More than 200 people were arrested, police said.
Among the motorists stuck in protest traffic was Garner's mother, Gwen Carr.
"I was so thrilled, so thrilled, even to be held up in traffic," she said on CNN's "New Day."
"They were standing for my son. I thank them so very much," she said.
Growing movement
The demand for change in how law enforcement deals with minorities has been broad, with hundreds of protests involving untold thousands of demonstrators from coast to coast, in towns both large and small.
"It's happening in every city, every town. It's happening here in Pittsburgh," Julia Johnson told CNN affiliate WPXI.
In New York, protest signs reading "Racism kills" and "The whole damn system is guilty as hell," told of the crowd's frustrations.
A young white marcher said "the criminalization of black youth in America needs to end."
"It's time that we say we're fed up and this needs to change," the marcher said.
The show of solidarity touched Cornell Belcher, a Democratic pollster, who is African-American. He was feeling down after the Staten Island grand jury declined to press charges.

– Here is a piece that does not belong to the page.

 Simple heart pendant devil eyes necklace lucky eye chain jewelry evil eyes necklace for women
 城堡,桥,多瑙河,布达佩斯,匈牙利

"After the decision, I think some of us were so fallen," he said, making a gesture of his chest caving in. "But then, when you see this diverse group of people sort of gathering together and saying this is fundamentally unfair and taking to the streets, it sort of reconfirms our faith in our society, in our values," he told CNN's Anderson Cooper late Thursday.
Boston, Chicago, Dallas, Oakland
In Boston, a diverse crowd turned the annual Christmas tree lighting into its protest late Thursday.
"Black lives matter!" protesters chanted. "We can't breathe!"
They stopped a train line and blocked nearby highways.
In Oakland, California, protesters marched to the Fruitvale rail station, where on New Year's Day 2009, a white officer killed Oscar Grant, a 22-year-old unarmed black man.
In Chicago, a small group of protesters stood in tense stalemate with police, who tried to keep them from blocking a street.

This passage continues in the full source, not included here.